OOMKilled under query load. The cgroup limit is 512 MiB and heavy queries over long ranges can spike usage. memory.allowedPercent: 20 keeps the caches small; if it still OOMs, raise the limit before touching the flag — caches below ~100 MiB make everything slow.

PVC stuck in Pending. Almost always the storageClassName: "" / volumeName pair missing on a hand-made PV+PVC. Check kubectl -n monitoring describe pvc vmsingle-data — "waiting for first consumer" is fine, "no persistent volumes available" means the binding is wrong.

cAdvisor scrape returns 401. The ClusterRoleBinding points at the ServiceAccount name the chart actually generated — fullnameOverride changes it. Verify with kubectl -n monitoring get sa and re-check the binding subject.

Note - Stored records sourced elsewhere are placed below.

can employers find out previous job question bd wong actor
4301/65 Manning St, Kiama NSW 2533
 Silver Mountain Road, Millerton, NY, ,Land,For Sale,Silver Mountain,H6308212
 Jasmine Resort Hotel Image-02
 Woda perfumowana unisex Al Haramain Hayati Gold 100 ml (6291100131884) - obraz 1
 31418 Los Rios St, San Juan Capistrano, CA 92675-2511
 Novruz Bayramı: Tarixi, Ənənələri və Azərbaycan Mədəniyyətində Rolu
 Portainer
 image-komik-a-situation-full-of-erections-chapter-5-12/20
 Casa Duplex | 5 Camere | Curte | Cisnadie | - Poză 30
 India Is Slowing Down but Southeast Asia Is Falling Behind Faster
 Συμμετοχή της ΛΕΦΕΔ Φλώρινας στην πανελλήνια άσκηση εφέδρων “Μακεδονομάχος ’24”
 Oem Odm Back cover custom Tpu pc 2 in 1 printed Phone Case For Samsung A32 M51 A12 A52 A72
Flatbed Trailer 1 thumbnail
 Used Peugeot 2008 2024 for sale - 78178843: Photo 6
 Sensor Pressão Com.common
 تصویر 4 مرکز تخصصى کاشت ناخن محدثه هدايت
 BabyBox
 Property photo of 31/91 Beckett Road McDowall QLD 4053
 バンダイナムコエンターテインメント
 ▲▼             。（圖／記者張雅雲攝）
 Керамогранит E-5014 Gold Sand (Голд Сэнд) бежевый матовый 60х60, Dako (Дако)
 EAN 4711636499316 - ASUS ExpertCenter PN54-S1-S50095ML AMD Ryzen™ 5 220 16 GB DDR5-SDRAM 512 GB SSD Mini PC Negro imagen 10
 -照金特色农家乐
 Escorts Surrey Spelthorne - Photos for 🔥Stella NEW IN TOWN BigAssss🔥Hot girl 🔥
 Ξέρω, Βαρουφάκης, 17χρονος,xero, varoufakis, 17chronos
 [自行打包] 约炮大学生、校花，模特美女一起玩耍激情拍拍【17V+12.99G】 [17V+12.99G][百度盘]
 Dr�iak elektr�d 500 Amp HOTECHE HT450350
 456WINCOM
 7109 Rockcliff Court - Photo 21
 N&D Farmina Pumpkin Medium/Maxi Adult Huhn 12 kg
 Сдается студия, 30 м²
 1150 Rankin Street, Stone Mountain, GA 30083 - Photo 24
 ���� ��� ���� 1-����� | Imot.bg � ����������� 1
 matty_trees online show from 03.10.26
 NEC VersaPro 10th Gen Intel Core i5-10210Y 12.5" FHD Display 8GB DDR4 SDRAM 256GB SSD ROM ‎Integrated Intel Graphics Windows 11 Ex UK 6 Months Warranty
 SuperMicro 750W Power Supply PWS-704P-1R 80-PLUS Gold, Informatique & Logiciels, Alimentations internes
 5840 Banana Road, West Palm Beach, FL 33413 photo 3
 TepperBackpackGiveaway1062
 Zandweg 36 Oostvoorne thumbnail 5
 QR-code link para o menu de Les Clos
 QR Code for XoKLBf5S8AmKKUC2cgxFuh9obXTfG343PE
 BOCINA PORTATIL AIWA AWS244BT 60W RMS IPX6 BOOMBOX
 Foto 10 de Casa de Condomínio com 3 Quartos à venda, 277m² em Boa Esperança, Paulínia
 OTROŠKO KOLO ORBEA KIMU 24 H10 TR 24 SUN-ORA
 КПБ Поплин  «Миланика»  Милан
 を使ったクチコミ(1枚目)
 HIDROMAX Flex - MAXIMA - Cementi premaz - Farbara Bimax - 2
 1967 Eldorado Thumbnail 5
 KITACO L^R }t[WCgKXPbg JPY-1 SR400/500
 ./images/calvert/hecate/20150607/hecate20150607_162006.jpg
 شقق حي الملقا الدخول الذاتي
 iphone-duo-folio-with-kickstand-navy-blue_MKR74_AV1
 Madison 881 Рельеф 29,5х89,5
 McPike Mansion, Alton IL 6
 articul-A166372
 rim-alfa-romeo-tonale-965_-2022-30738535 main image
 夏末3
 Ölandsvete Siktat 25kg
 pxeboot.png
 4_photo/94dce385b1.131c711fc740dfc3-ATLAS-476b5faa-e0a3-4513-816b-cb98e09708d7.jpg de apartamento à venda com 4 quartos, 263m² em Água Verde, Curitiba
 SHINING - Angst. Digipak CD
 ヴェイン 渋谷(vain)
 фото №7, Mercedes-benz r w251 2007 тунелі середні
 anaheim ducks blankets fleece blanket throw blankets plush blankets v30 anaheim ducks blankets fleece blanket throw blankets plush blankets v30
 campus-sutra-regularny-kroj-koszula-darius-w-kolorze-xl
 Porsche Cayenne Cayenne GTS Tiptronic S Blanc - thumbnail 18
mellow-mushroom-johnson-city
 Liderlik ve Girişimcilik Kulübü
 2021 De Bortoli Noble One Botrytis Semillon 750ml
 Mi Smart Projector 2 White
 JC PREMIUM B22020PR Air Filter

Dashboards double-count container memory. The container="POD" and empty-container series got through. Confirm the metric_relabel_configs are present in the running config: curl -s localhost:8428/config | grep -A5 cadvisor after a port-forward.

Summary

  • One vmsingle pod replaces Prometheus, the operator, and all its CRDs — 128 MiB requested, 512 MiB cap
  • The embedded scraper takes standard Prometheus scrape_configs; static targets beat service discovery on a single node
  • cAdvisor needs RBAC for the kubelet API plus relabel rules to drop pause-container duplicates
  • hostPath PV with Retain and explicit volumeName binding — no storage class involved
  • A separate ClusterIP Service (vmsingle-stable) avoids stale headless DNS after CoreDNS restarts
  • 90-day retention costs single-digit GiB at this scale